Task statement →
Skip every image and restate the data word for word.

Collected material →

BEGIN

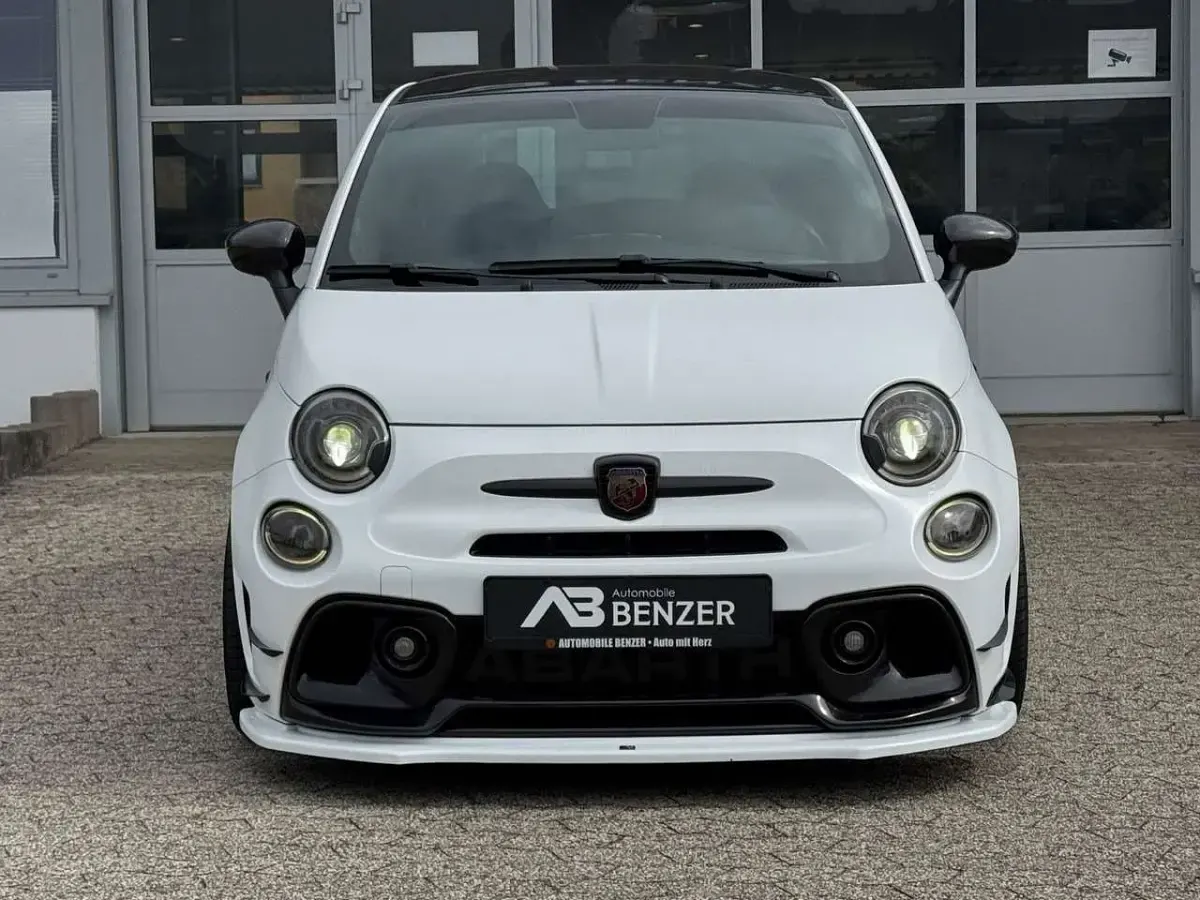 Gebraucht Abarth 595 Esseesse 179 PS (131 kW) 2021 Weiß Kleinwagen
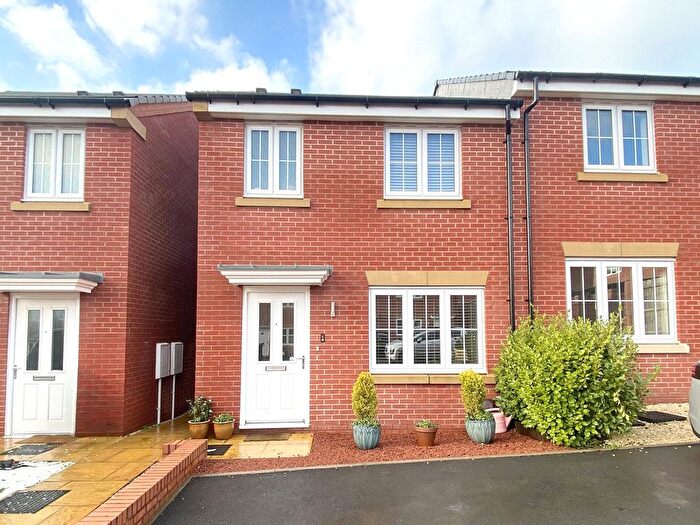 3 Bedroom Semi Detached House For Sale In John Jaundrell Close, Priorslee, Telford, Shropshire, TF2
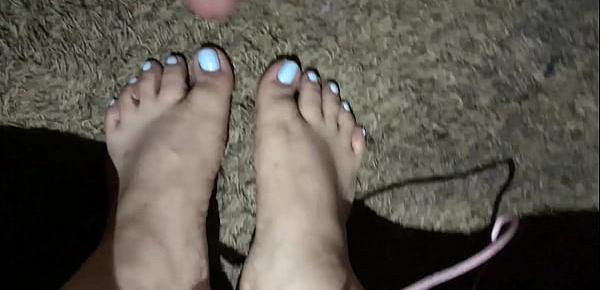 Cumshot on her sexy feet and toes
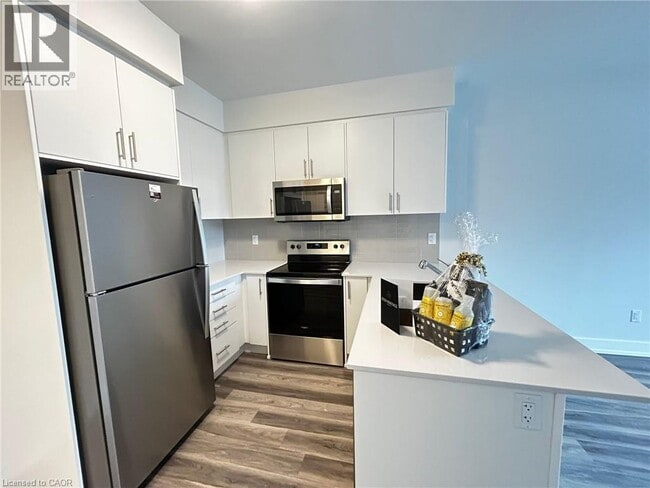 Photo du bâtiment - 1100 Lackner Pl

END

Answer below →
 Gebraucht Abarth 595 Esseesse 179 PS (131 kW) 2021 Weiß Kleinwagen
 3 Bedroom Semi Detached House For Sale In John Jaundrell Close, Priorslee, Telford, Shropshire, TF2
 Cumshot on her sexy feet and toes
 Photo du bâtiment - 1100 Lackner Pl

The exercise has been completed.